Here are our top tips for the creation of your Hashtag:
The Hashtag originated from Twitter, which is a social media platform known for its short posts, consisting of 140 characters or less. Although other social channels such as Facebook and LinkedIn do not have character limits, for consistency it’s best to keep your phrase as clear and concise as possible.
Use of Capitals
If your hashtag phrase is longer than one word, it is crucial to take into account the use of capitals. Although this will not affect the content that comes under your hashtag regardless of the use, it is a lot clearer to read, for example #designedbyidentity vs. #DesignedByIdentity. Many a hashtag fail has fallen due to this issue so it is a vital point to consider when creating your key word.
How Many To Use
We recommend you use your own hashtag in all your relevant copy, but where possible we also suggest including other related terms too. Mentioned previously, if your event has a theme or is industry specific, research into these hashtags and use them.

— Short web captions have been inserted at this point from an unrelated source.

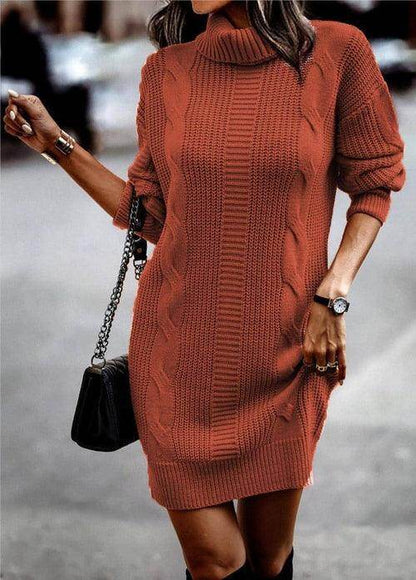 Women's Turtleneck Long Sleeve Narrow Sweater Dres - Which Mark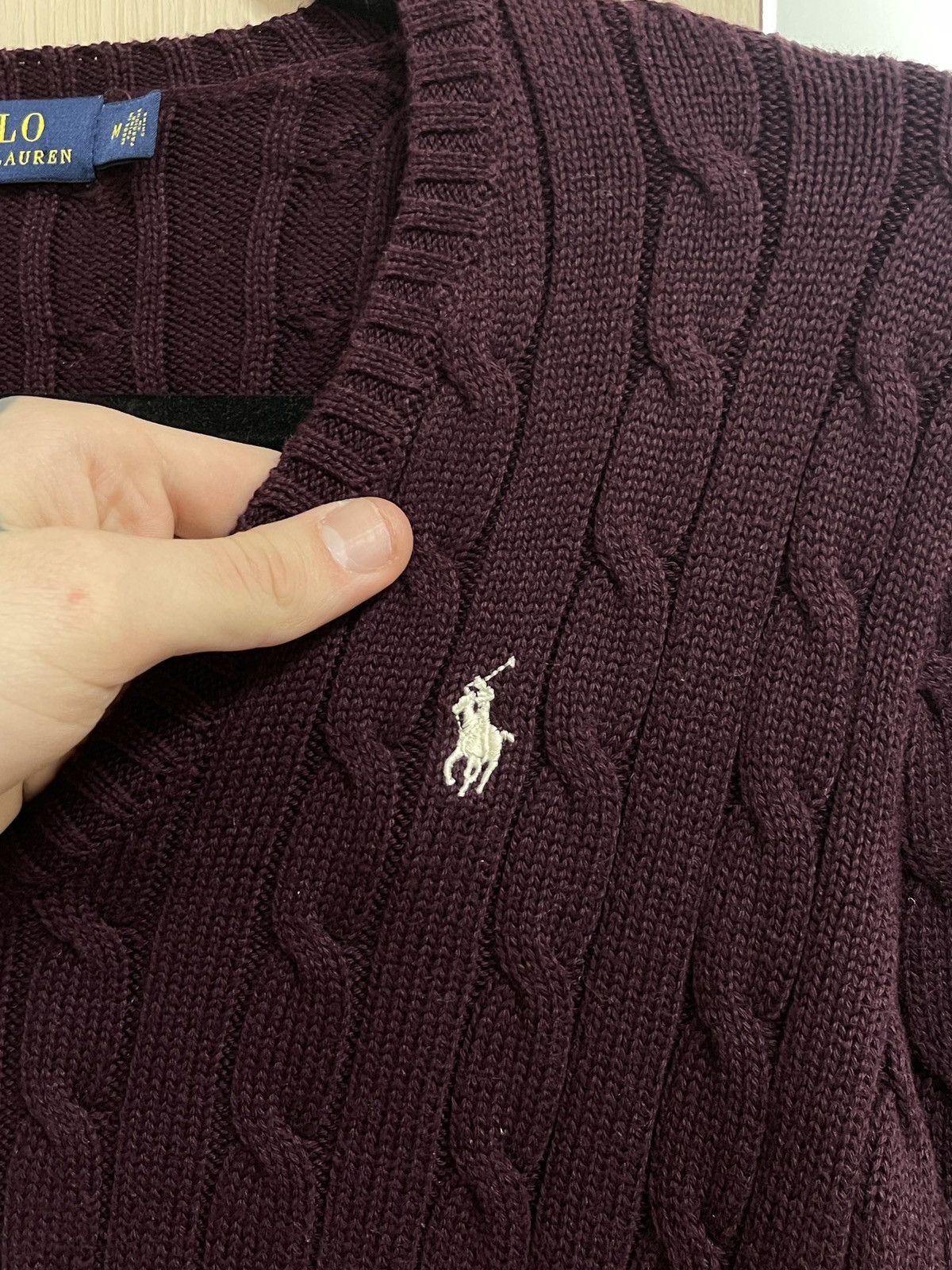Polo Ralph Lauren Polo Ralph Lauren Cable Knit Sweater V Neck Women’s Burgundy Size M / US 6-8 / IT 42-44 - 6 Thumbnail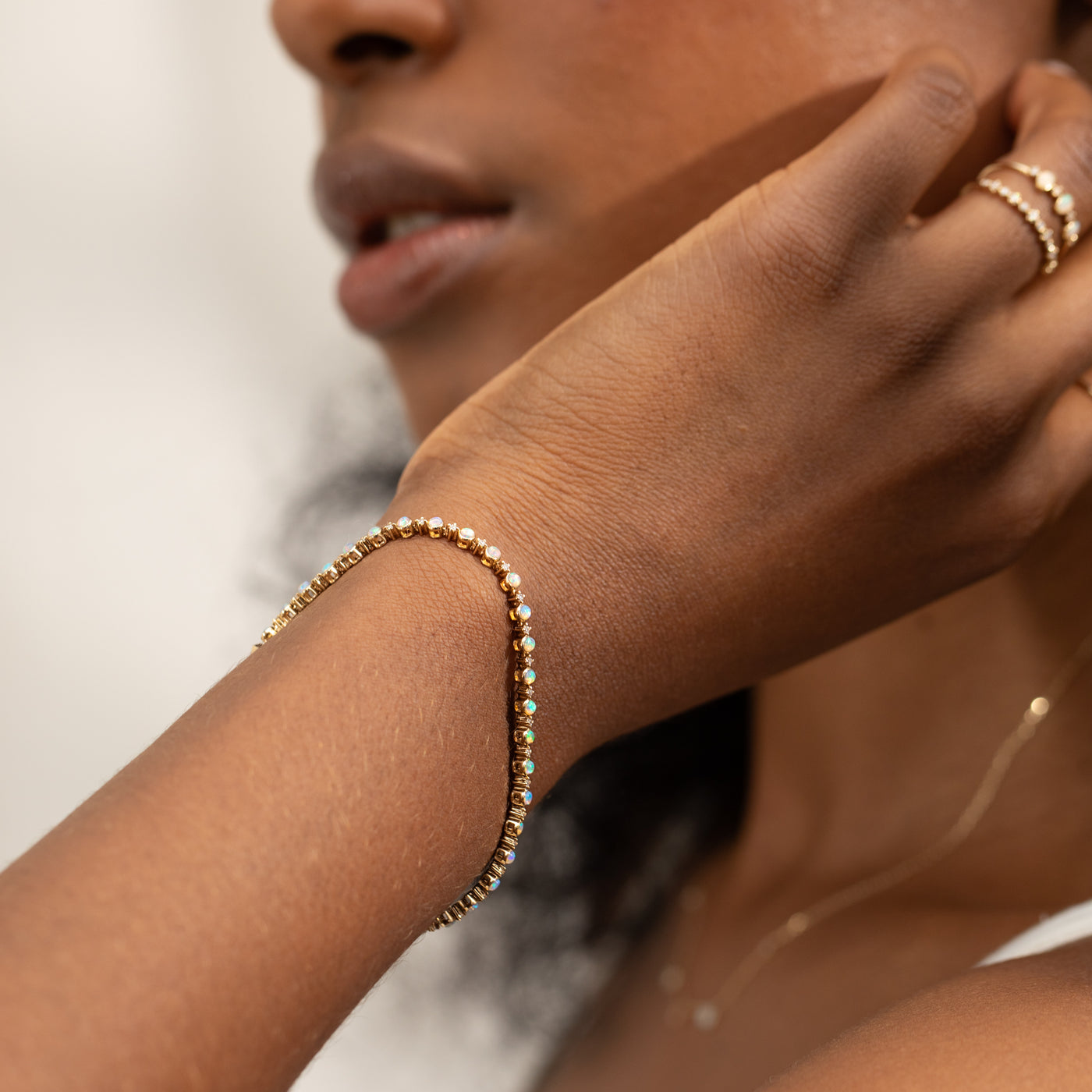 Opal + Diamond Tennis Bracelet | Simple & Dainty Jewelry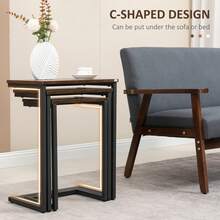 HOMCOM Nesting Side Tables Set Of 3, C-Shaped Sofa Side Tables With Steel Frame For Sofa Couch And Bed, Rustic Brown - Rustic Brown - View 5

On many social media sites there is no limit as to how many you can use, but different channels have different rules. For example, on Twitter you are limited to characters only, so it is important to consider only using one or two key phrases if possible, ensuring you don’t compromise on your copy.
Whereas on Instagram, the social norm is to use a combination of hashtags to reach various target audiences. In contrast to other social media channels, it is common to see that users will post their collection of around 15 hashtags in the comments section. Predominantly a mobile used platform, posting your hashtags in a comment means they will be hidden from view unless clicked on, making sure it doesn’t clog up the feed with text instead of imagery.
It’s wise to do your research on each social platform, to optimise your contents visibility to multiple, but relative target audiences without either being unrelated or too much like spam.
As these iconic social tools are being used by many users across the internet, it’s wholly recommended to adopt your own unique hashtag ready for your next event to attract a wider audience with increased engagement. They can be included into your exhibition stand seamlessly and be the hub of your competitions, adding value to your brand as well as your appearance at your event.